Brad Smith
internationally acclaimed novelist & screenwriter
Canada
His novel, The Return of Kid Cooper, won the 2019 Spur Award from the Western Writers of America. Red Means Run, the first novel in his Virgil Cain series, was named among the Year’s Best Crime Novels by Booklist in 2012. And he was shortlisted twice (with One-Eyed Jacks in 2000 and Copperhead Road in 2022) for the renowned Dashiell Hammett Award, which “is granted to the writer whose novel embodies literary excellence in crime writing“ (cbc.ca). Furthermore the „real film buff“ (Toronto Guardian) develops stories for the screen too. His colleague Dennis Lehane (famous for his novels adapted as films like Martin Scorsese’s Shutter Island and Clint Eastwood’s Mystic River) said, “He has got the goods – he’s funny, poignant, evocative, and he tells a blistering tale.“ To this judgement Pulitzer Prize winner Richard Russo (Empire Falls) added: “He’s a writer with lots of skill, lots of heart, lots of brains.“ But prior to such praise and numerous novels this author, who “rivals Elmore Leonard (Get Shorty) at his best“ (Publishers Weekly), had to walk, to quote a famous classic by The Beatles, “The Long And Winding Road“.
Brad Smith
internationally acclaimed novelist & screenwriter
Canada
Not necessarily widely known are the original professions of some world famous writers; J.K. Rowling was working as a researcher and bilingual secretary for Amnesty International in 1990 when she conceived the idea for the Harry Potter series (Wikipedia).

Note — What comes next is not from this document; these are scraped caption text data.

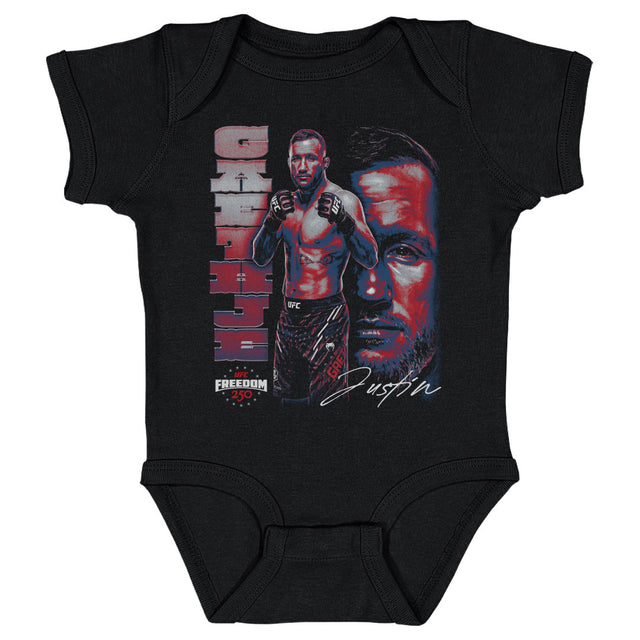 Justin Gaethje Kids Baby Onesie | 500 LEVEL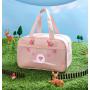 ZX050 Insulated Picnic Bag Lunch Tote Bags Bento Box Insulated Messenger Bags Camping Fresh Keeping Handbags For Work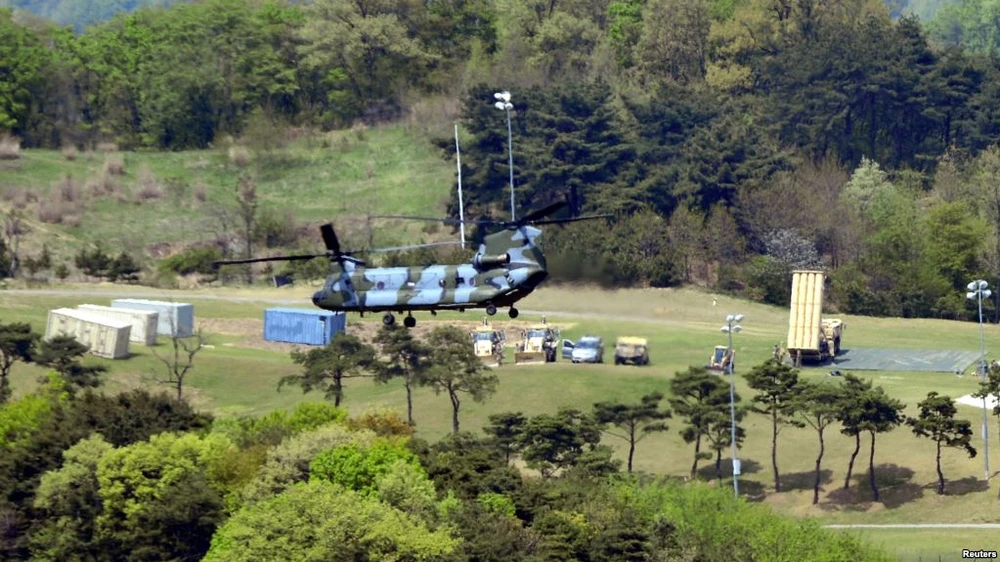Hệ thống tên lửa THAAD tại Hàn Quốc. Ảnh: REUTERS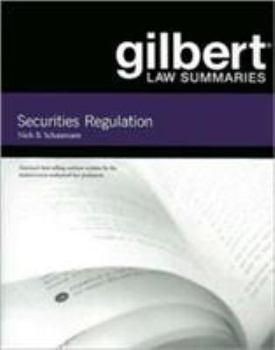 Paperback Securities Regulation (Gilbert Law Summaries) Book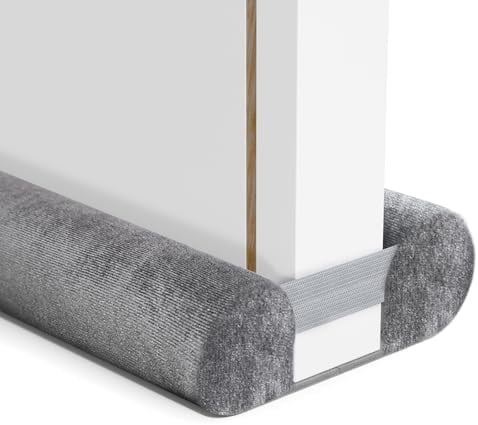 Image result for Door Draft Stopper for Bottom of Door, Under Door Gap Filler/Seal for ...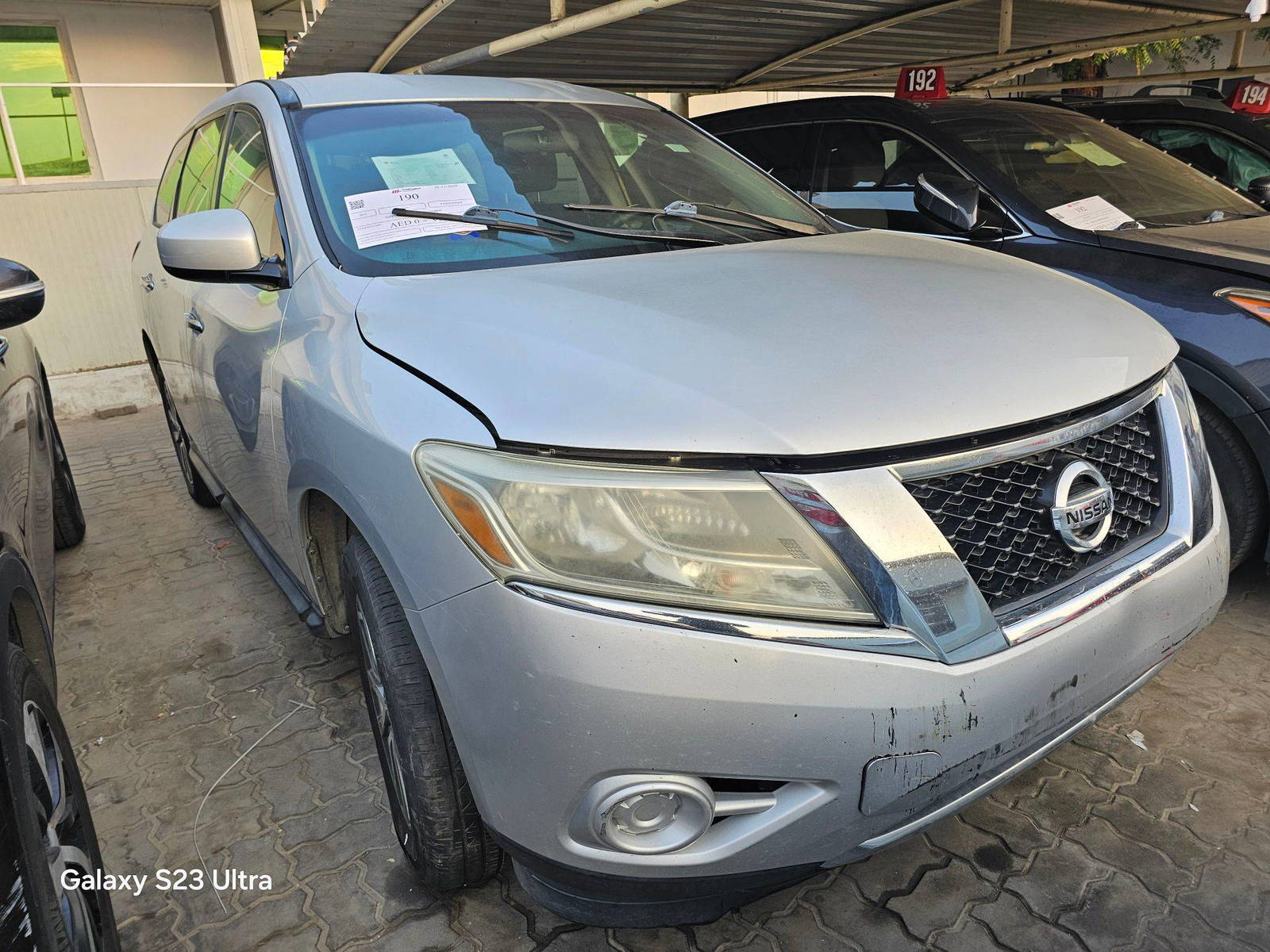 2013 NISSAN PATHFINDER — 210277 Miles — Lot C634001 — Main - Marhaba Auctions Used Cars - Image 3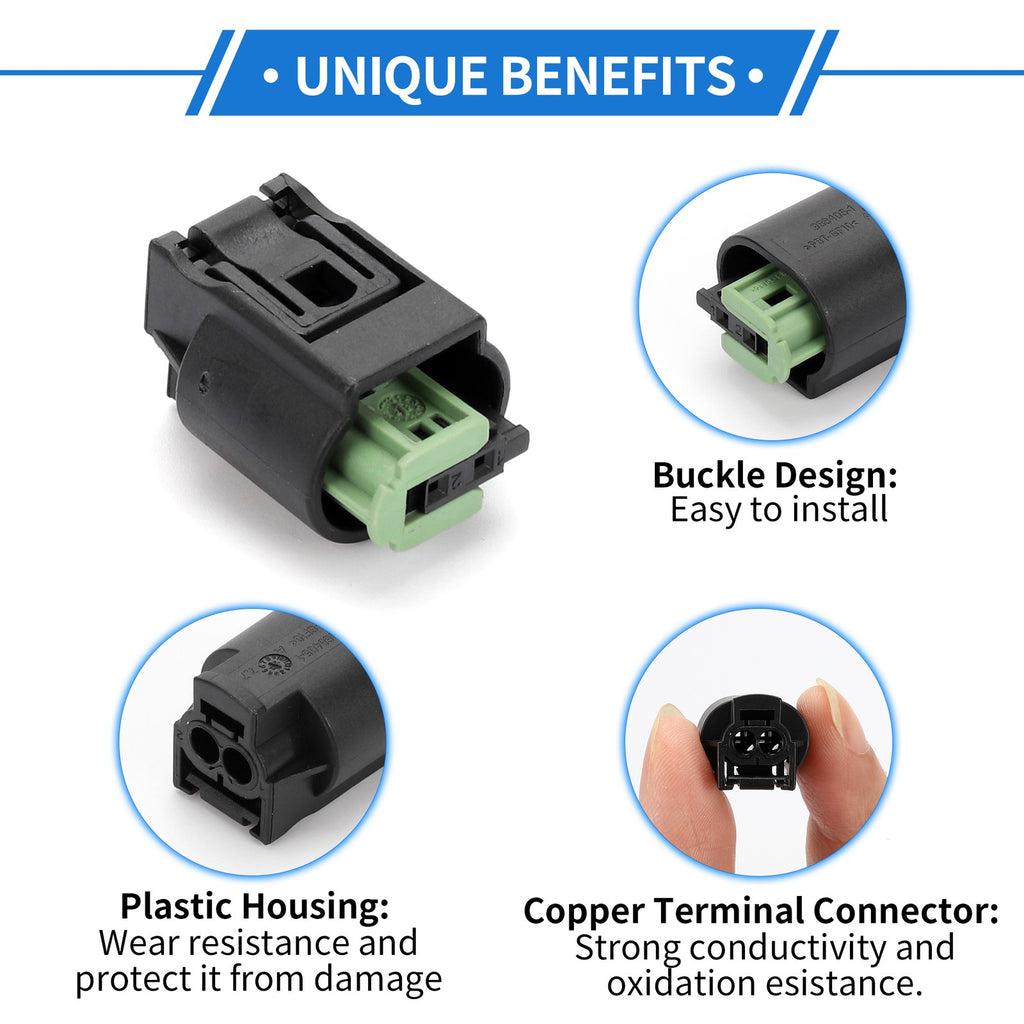 2 Pin Temperature Sensor Connector Plug for BMW 1 3 5 7 Series (2004–2013)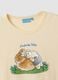 Beiges Regular-Fit-T-Shirt aus reiner Baumwolle mit s&uuml;&szlig;em Tier-Print_5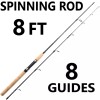 PECHE Spinning Rod Fishing Pole Carbon Fiber Portable Medium Fast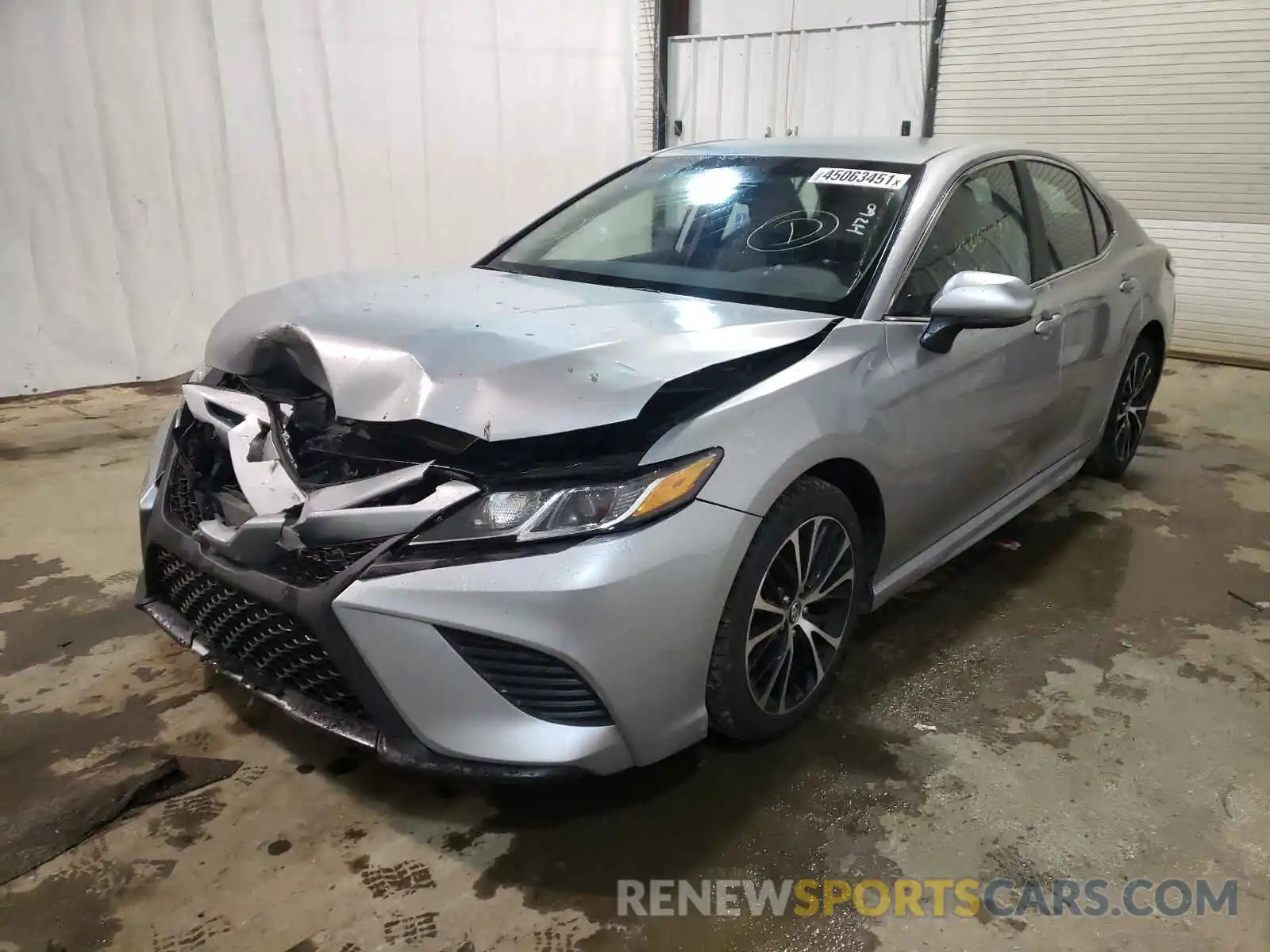 2 Photograph of a damaged car 4T1B11HK6KU205458 TOYOTA CAMRY 2019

Antoine de Saint-Exupéry (The little Prince) was a commercial pilot, Rosamunde Pilcher (The Shell Seeker), a secretary. Franz Kafka (The Transformation) was employed at an insurance company. Maxim Gorki (The Mother) worked for the Caucasian Railway workshops, and Jussi Adler-Olsen (Department Q series), as a carpenter. That‘s the same job that Brad Smith still does when he’s not writing. If one reads the CV on his website, it’s obvious that the following saying fits to his career: “Good things take time“.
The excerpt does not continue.